I do believe one of the major rules of blogging is to not just disappear, without word or warning. Well, that seems to be precisely what I do. I have apologized for this behavior in the past and at other times, I have refused to apologize. Well, this time, hmm, maybe not an apology exactly but a sort of promise that when I think I will be taking a bit of a leave, I will let you know. The only problem I can forsee in this is that most of the time I have no idea there's going to be a break until I am in the middle of it and one day I realize amidst all the noise, busyness and sometimes confusion of my days, that I haven't actually blogged for a while. We'll see what happens.
I will say something about my long absence, though. I had last blogged about our summer vacation and if vacations lasted as long as the time between my posts, we'd all be very happy, rested up people indeed. Wouldn't get much done, but maybe that is highly overrated.
The last post was entitled Waterford Part 1. Well, it seems that as I am posting this, I am out and about with the little netbook and I don't have Waterford Part 2 photos on this. So I am going to finally post about Portugal, which was the second part of our trip. Asbjorn's sister NIna had rented an apartment in the little town of Fuseta, on the southern coast of Portugal.
The weather reminded me quite a bit of the weather here in Southern California so I can report that the weather was absolutely beautiful.
I always enjoy exploring a new city. For the three days (or was if four?), we were there, I tried to document as much of my experience as I could.
The architecture of Fuseta was different than any place I had been. The streets are narrow and as you can see, in some places, the sidewalks are quite narrow, too.
Front doors open right up onto the narrow walks. Some streets are paved, others have brick.
There is a worn quality to this city that makes me feel at ease, makes me even more curious to explore and wander around.

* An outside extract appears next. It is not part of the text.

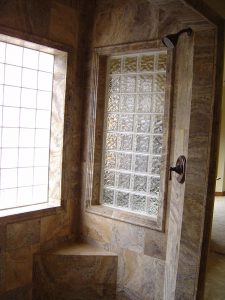 this is the custom tile shower with glass block windows in a custom home.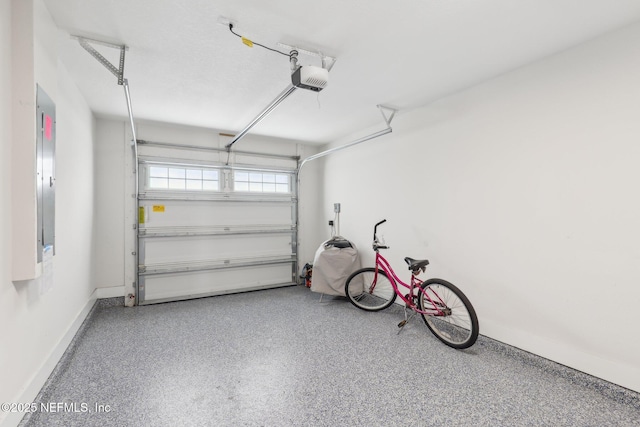 342 4th St N, Jacksonville Beach, FL 32250 - garage with a garage door opener, electric panel, and baseboards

I am mesmerized by all the tiles covering some of the houses. They are beautiful, a leftover from the times when the Moors ruled Portugal.
I had hoped to include some tile photos with this post, but I have to tell you, I took about 150 photos of tile alone. I haven't gone through them yet, but will post a few of them when I do. They are quite wonderful.
I really enjoyed walking some of these streets, their curves hding surprises just out of sight.
There are buildings no longer being lived in and these intrigue me as well. These places have a story. I wanted to venture inside this place and thought there might be some great photos inside. Alas, the noises I heard coming from inside, either from man or beast told me this probably wasn't a good idea. One must rely on intelligence when in a new country but mostly it was probably intuition.
But that's ok. I had plenty of opportunity wandering the streets to get photos of the weathered and worn.
Oh, the wonderful colors and peeling paint on this one:
Or this one:
This newer door was quite wonderful, too.
Doors and tiles were a pretty large focus while wandering around Fuseta. But a trip to a city like this would not be complete without going to the cemetary.
Asbjorn was with me on this walk. Ah, a church up ahead, let's check it out.
A beautiful church. We could hear the bell from the apartment.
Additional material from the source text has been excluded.